━━━━━ Exercise material ━━━━━

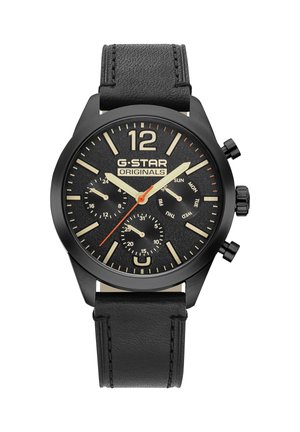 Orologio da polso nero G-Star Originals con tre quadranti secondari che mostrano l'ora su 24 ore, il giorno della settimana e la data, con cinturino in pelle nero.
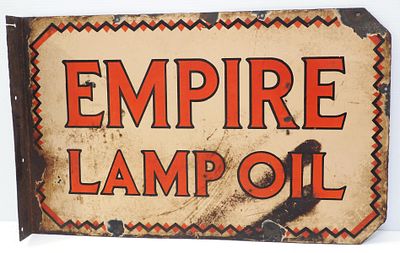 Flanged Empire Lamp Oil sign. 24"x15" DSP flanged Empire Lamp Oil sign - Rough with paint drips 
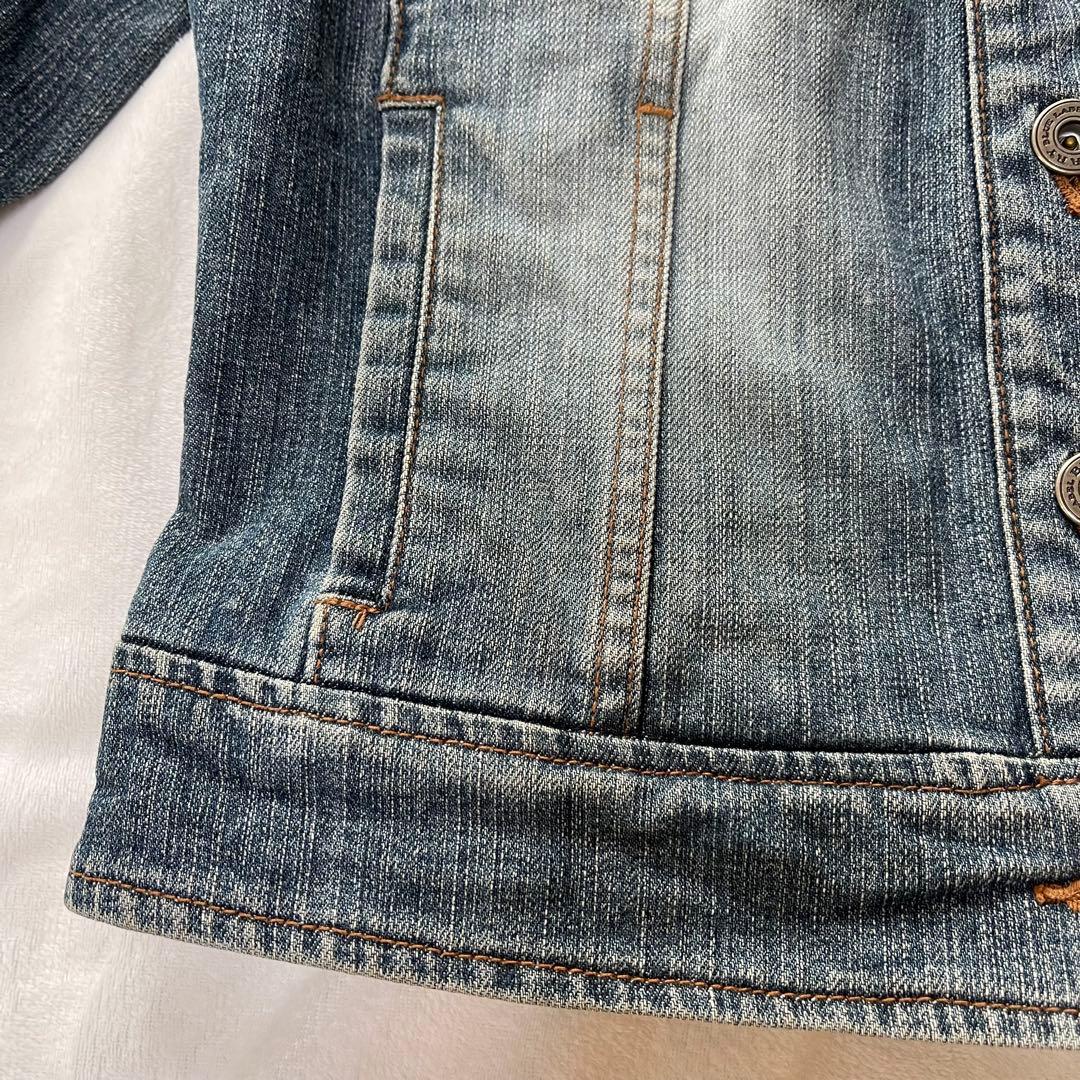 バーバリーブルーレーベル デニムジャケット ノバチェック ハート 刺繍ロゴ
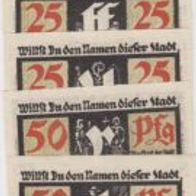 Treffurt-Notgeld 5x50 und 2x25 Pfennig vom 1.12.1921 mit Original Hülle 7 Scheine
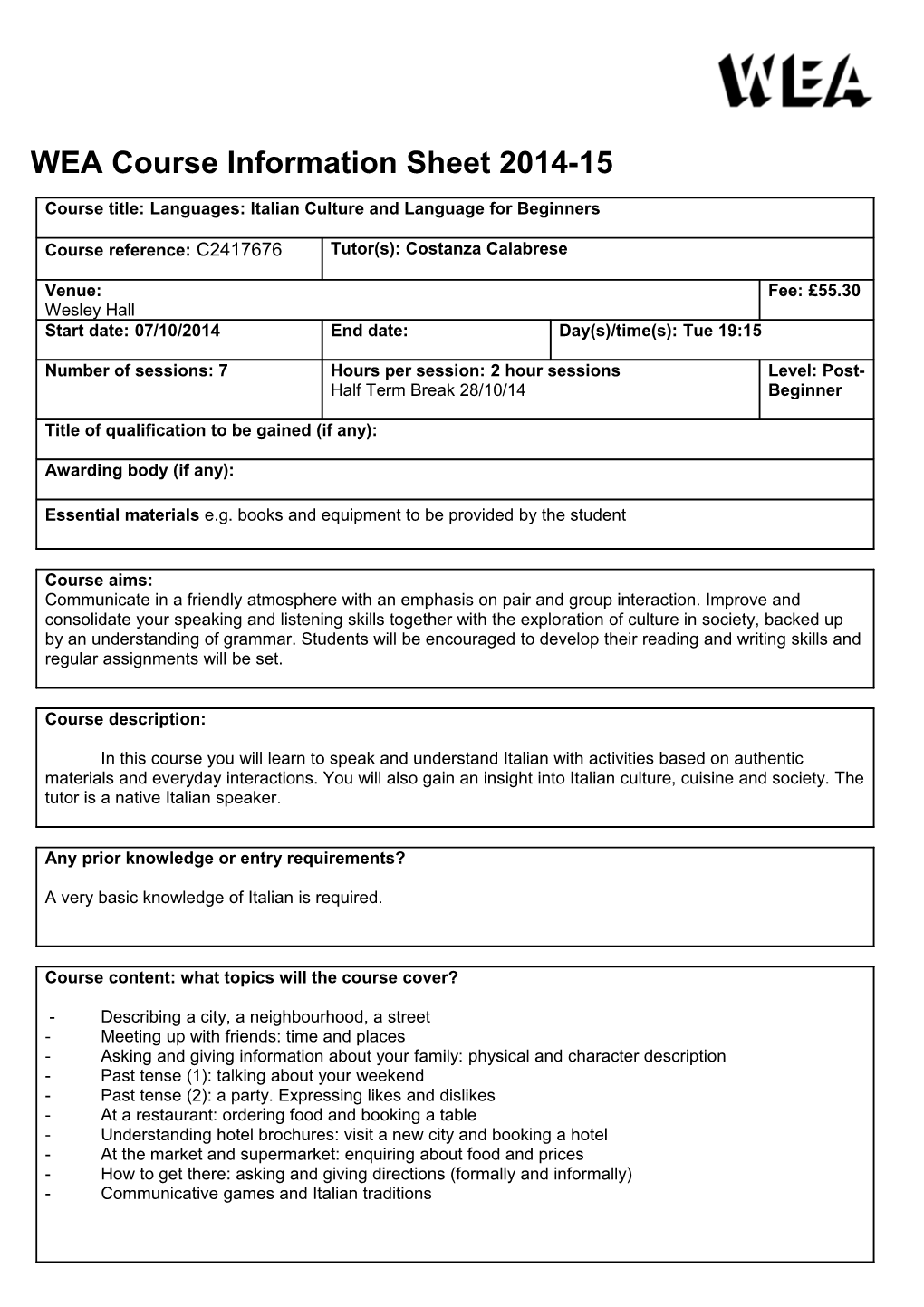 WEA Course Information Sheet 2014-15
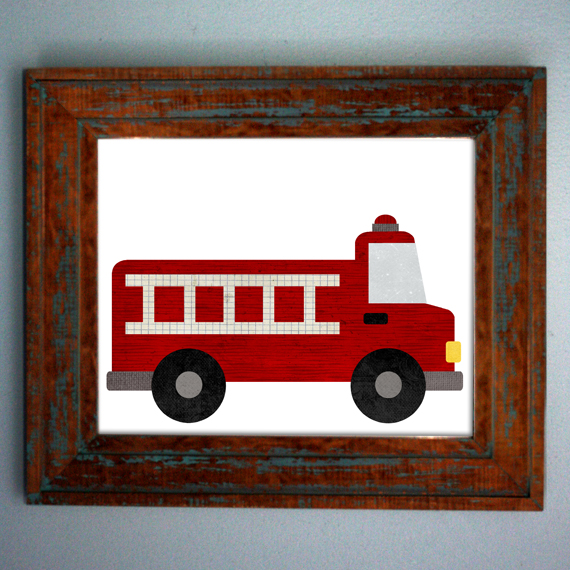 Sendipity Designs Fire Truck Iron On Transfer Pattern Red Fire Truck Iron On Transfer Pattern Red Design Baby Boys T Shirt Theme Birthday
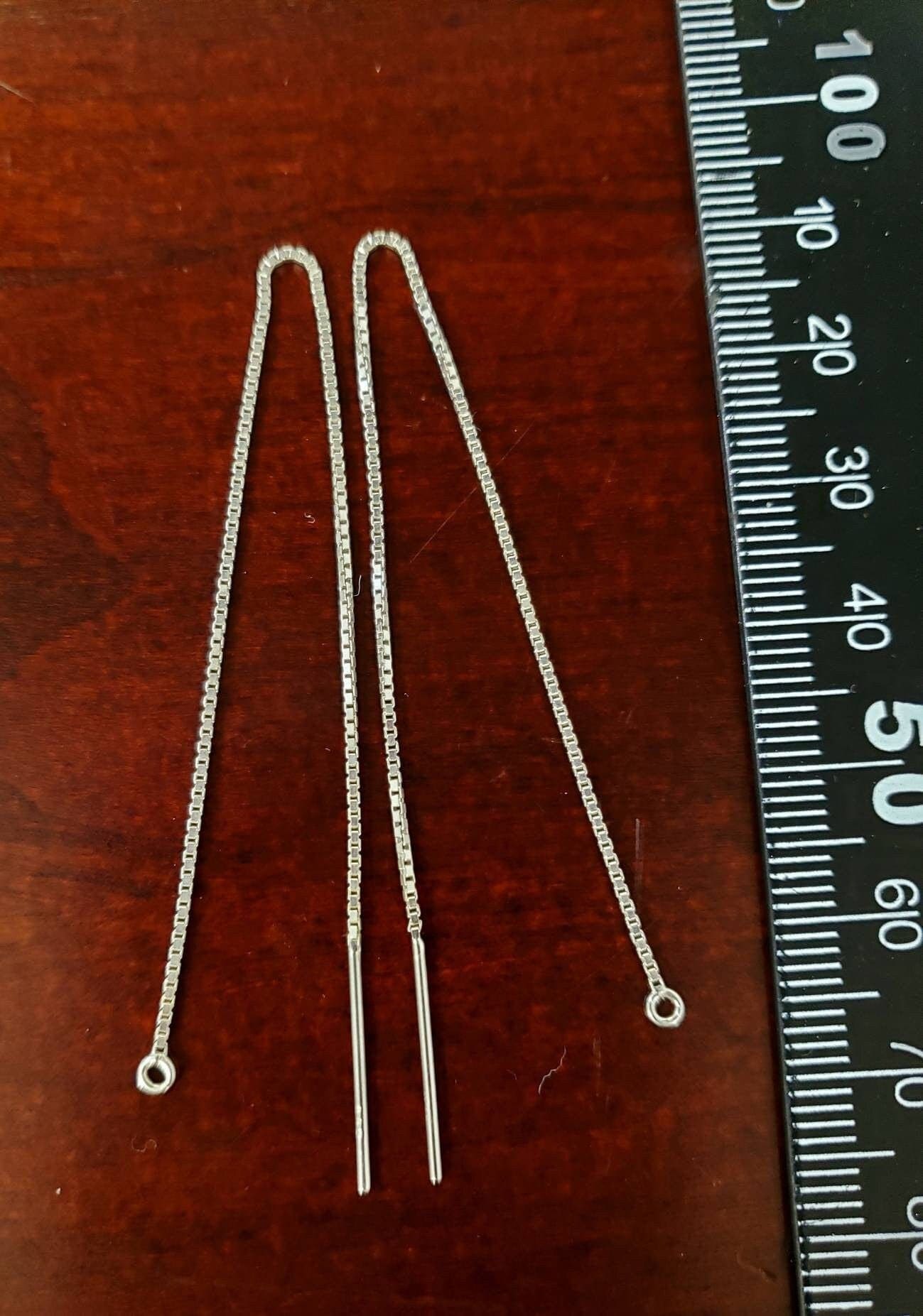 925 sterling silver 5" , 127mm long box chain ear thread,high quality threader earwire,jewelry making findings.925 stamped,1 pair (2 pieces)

━━━━━
━━━━━ Exercise material ━━━━━

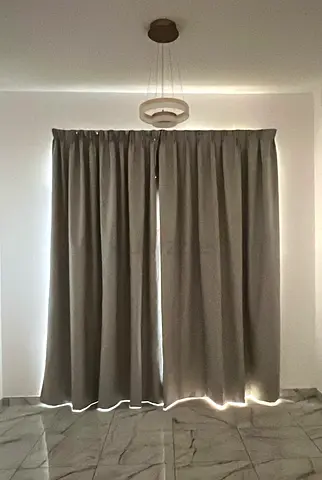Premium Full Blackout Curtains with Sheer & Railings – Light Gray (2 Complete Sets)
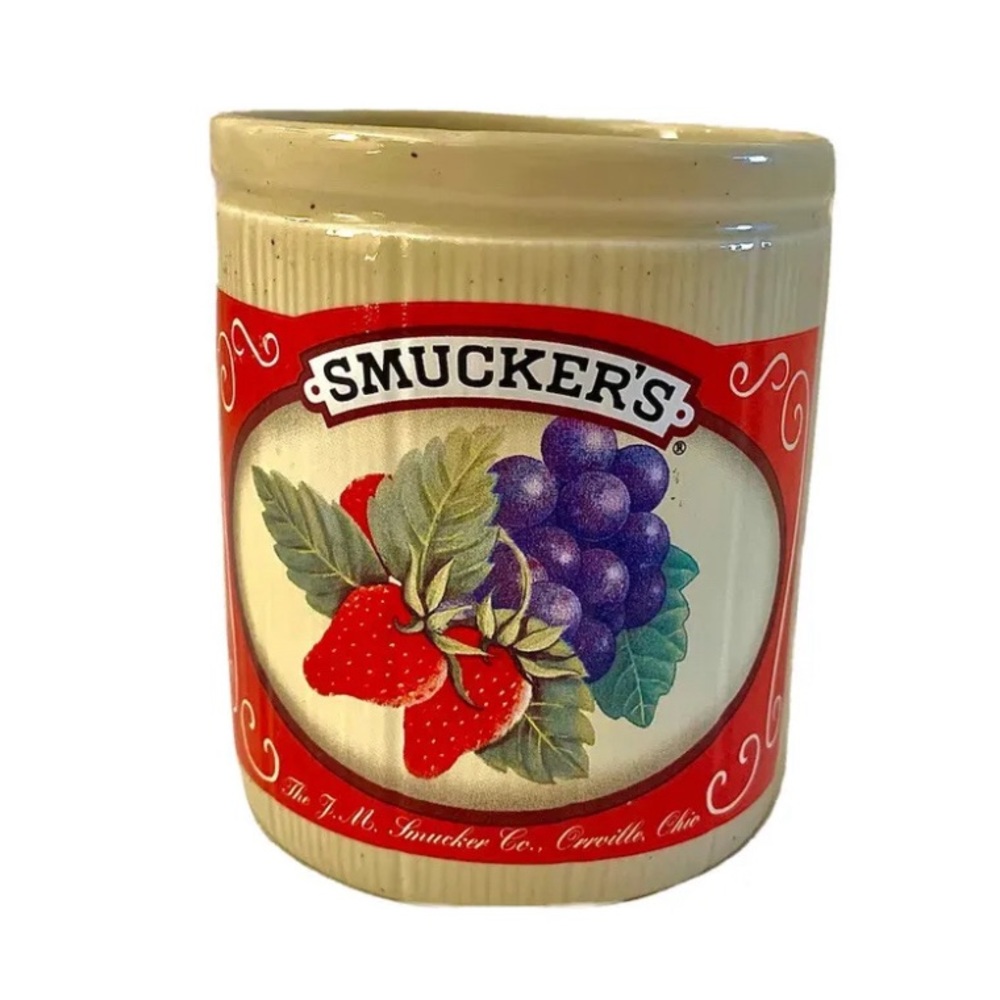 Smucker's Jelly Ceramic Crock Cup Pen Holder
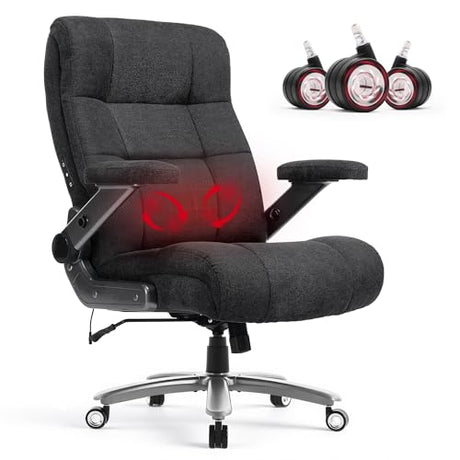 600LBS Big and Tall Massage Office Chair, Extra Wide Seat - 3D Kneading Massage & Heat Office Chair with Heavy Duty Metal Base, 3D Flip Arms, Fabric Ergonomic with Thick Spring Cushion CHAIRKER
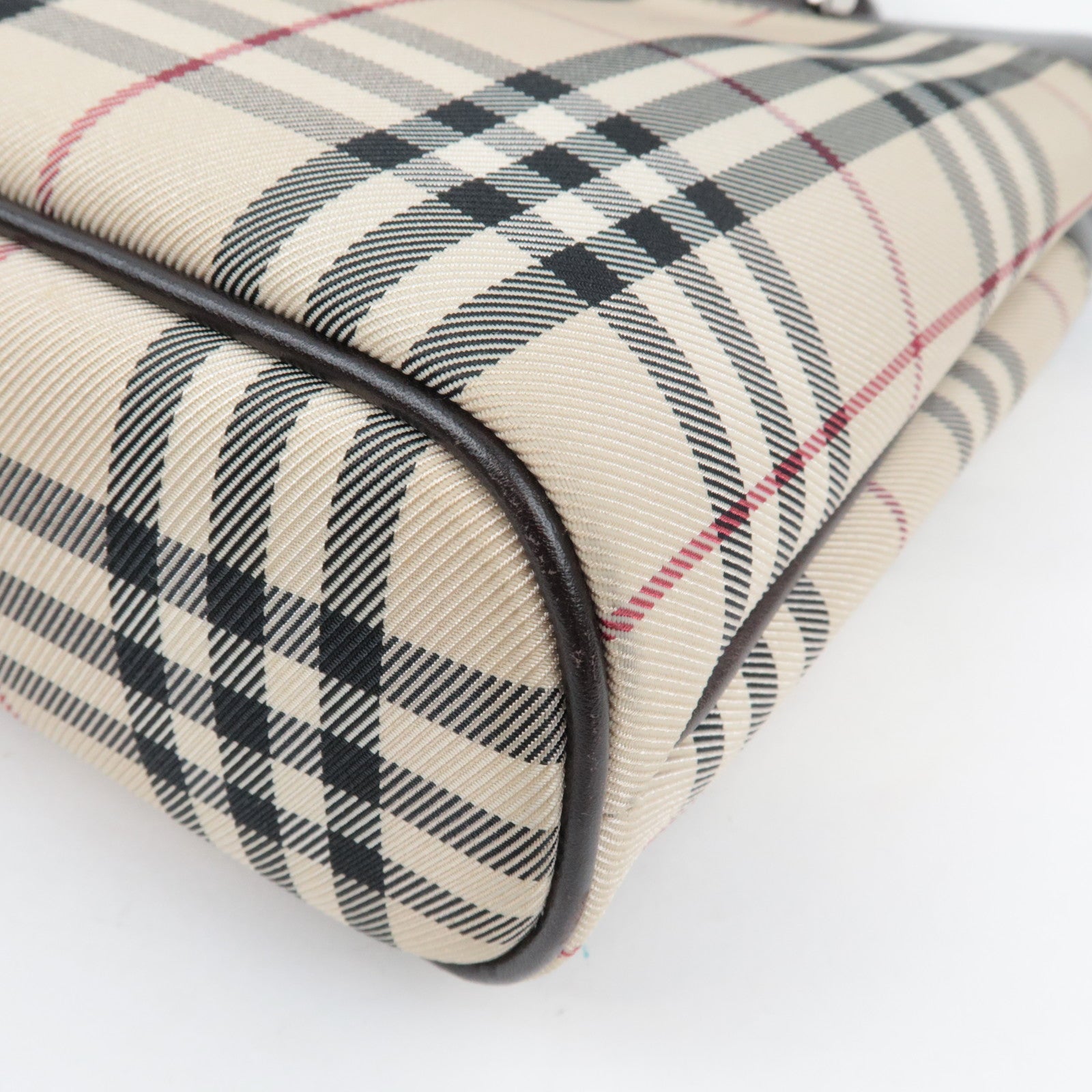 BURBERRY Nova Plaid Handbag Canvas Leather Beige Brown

━━━━━
━━━━━ Exercise material ━━━━━

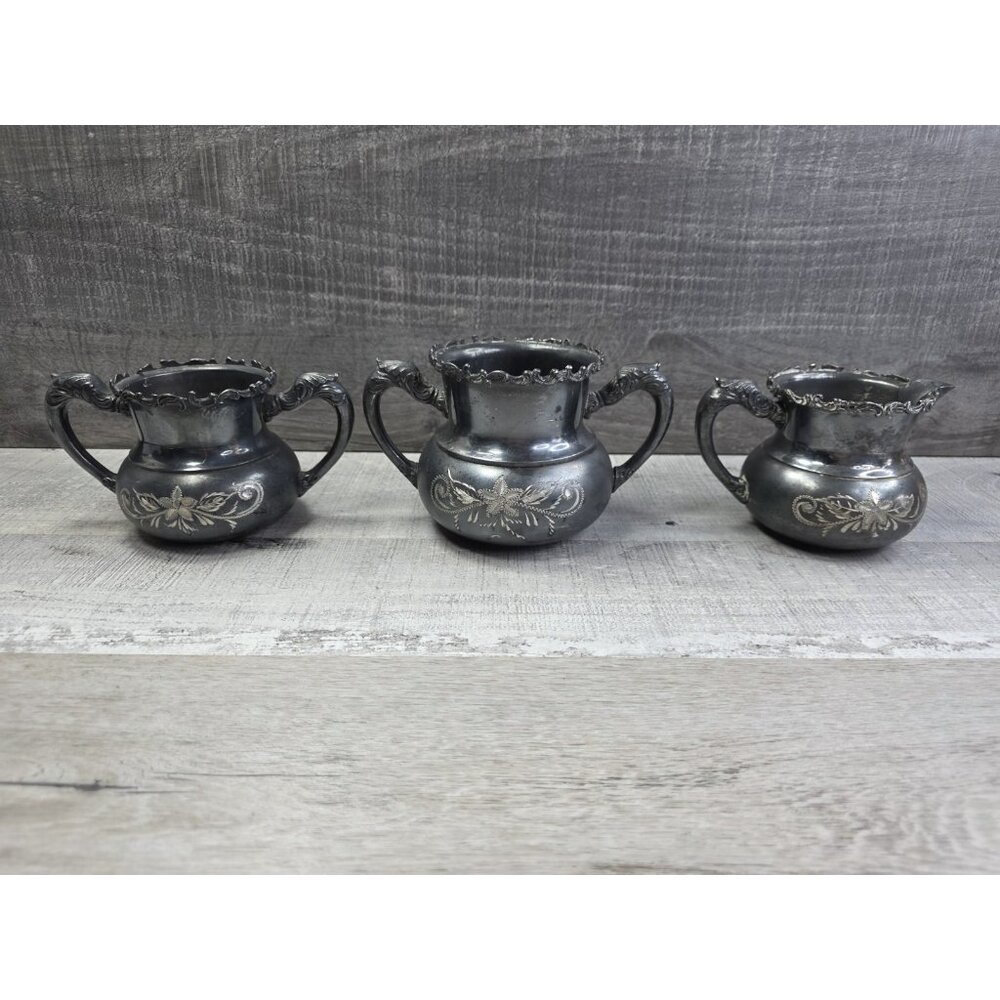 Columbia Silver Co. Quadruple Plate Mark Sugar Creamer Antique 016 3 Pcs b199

━━━━━

### Directions
Everything from the line with "Orologio da polso" down to the line with "WEA Course Information Sheet 2014-15" in the data above should be copied exactly, with both end lines kept and the pictures left out.

### Answer
 Orologio da polso nero G-Star Originals con tre quadranti secondari che mostrano l'ora su 24 ore, il giorno della settimana e la data, con cinturino in pelle nero.
 Flanged Empire Lamp Oil sign. 24"x15" DSP flanged Empire Lamp Oil sign - Rough with paint drips 
 バーバリーブルーレーベル デニムジャケット ノバチェック ハート 刺繍ロゴ
 Treffurt-Notgeld 5x50 und 2x25 Pfennig vom 1.12.1921 mit Original Hülle 7 Scheine
 WEA Course Information Sheet 2014-15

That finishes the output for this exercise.